When classical guitarist Alexander Dunn moved to Victoria in 1990, he was a well-decorated performer and instructor with a PhD in Musicology from the University of California.
He continued to accrue designations and awards in the decades that followed, but Dunn remained devoted to his students at the University of Victoria and beyond. Dunn, who started in the University of Victoria’s faculty of music in 1991, died unexpectedly Wednesday morning at the age of 68. He leaves behind a robust legacy at UVic, which included building the school’s guitar program into one of the best in the country.
“This is a loss that will be deeply felt by members of our school and the wider music community,” Alexis Luko, director of UVic’s school of music, said in a statement.
In his early teens, Dunn began playing in duos and groups with his cousin, guitarist Robert Ward, around their native San Diego. Though their backgrounds paralleled each other, Ward recalled during an interview with the Times Colonist on Friday that his cousin had gifts that were almost immeasurable. “Even in high school, he was singled out as having a really unique talent,” Ward recalled.
Ward said he and Dunn performed together in Boston on April 20, and the news of his sudden passing still doesn’t add up. Dunn was fine health and good spirits, and played magnificently. “It was a brilliant performance,” Ward said. “We had a great time playing what was a very difficult program.”
Dunn had a wide range of expertise — his doctoral dissertation was on the theorbo, a member of the lute family of instruments — and remained active as a performer locally, nationally, and internationally. He gave concerts on classical guitar all over the world, including South America, Europe, China, Japan, and Cuba.
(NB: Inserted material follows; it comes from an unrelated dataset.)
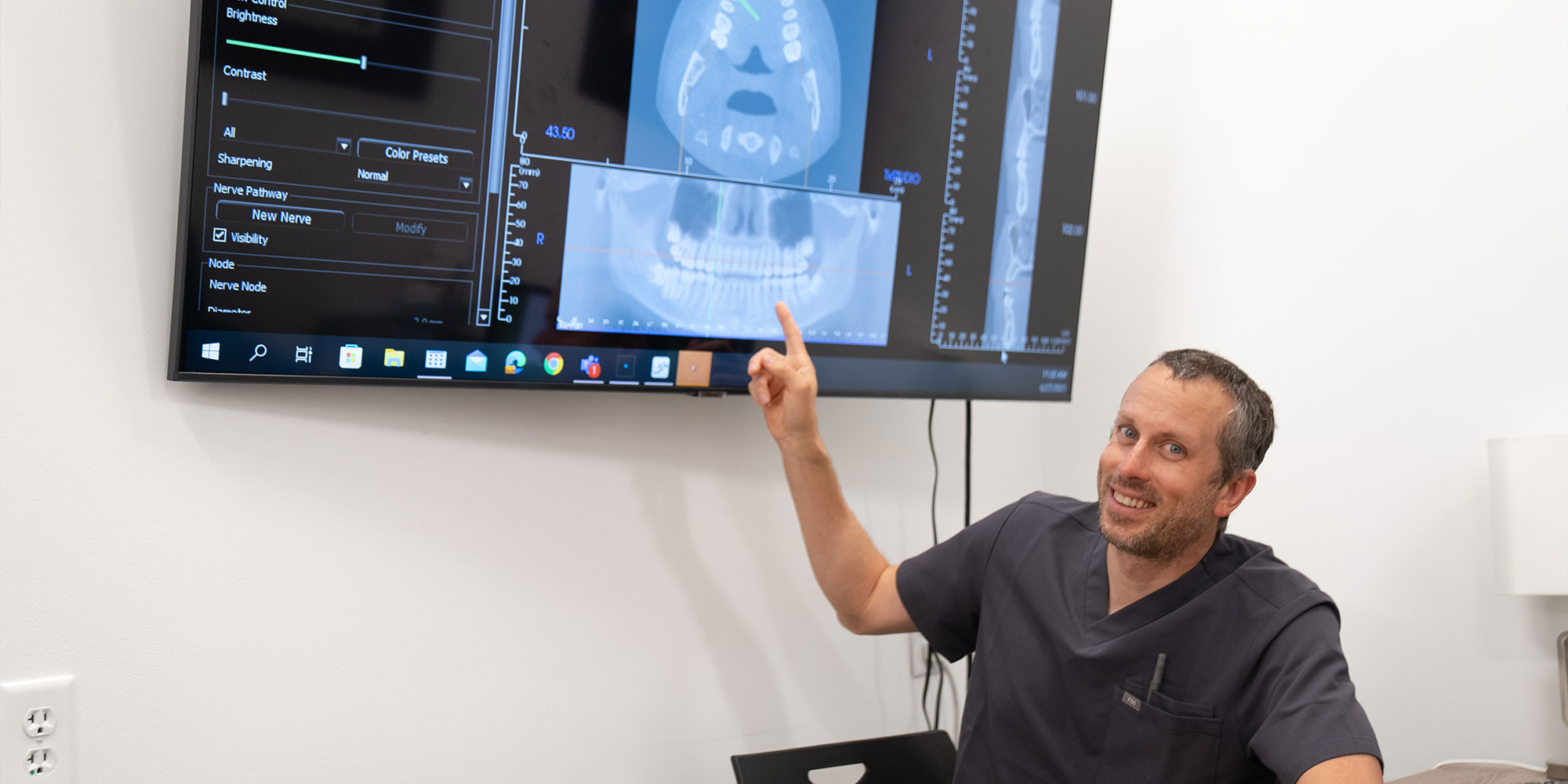 Doctor going over implant maintenance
He was a protégé of flamenco guitar great Pepe Romero, with whom Dunn toured the U.S. as a fill-in member of the Spaniard’s family band, Los Romeros. “His sight reading and analytical skills are phenomenal,” Romero, 80, said in a post on Dunn’s official website.
“One need only to bring up his name in the guitar world, and you will sense immediately the respect he commands.”
Dunn hosted several fundraising concerts by Romero in Victoria, and was instrumental in arranging for his former instructor and mentor to receive an honorary doctorate from UVic. Romero regards Dunn as one of the finest teachers he has encountered.
“When I think of Alex, I think of a musician’s musician — a man who commands a vast knowledge of the repertoire,” Romero wrote. “He seems to know more about lute and early music than most specialists.”
Despite his busy performance schedule, education was a constant in Dunn’s life. He was president and artistic director of the Victoria Guitar Society, where he also taught as a sessional instructor. Dunn held similar posts at the Victoria Conservatory of Music, Toronto’s Royal Conservatory of Music, and the University of California, Irvine, at the time of his death.
Teaching was never far from his mind. “It’s always nice to come back here after being somewhere crazy,” Dunn said, during a 1999 interview with the Times Colonist. “It’s tough to juggle everything. When I travel, I just have to put the [Victoria] students on hold and pay them attention when I get back.”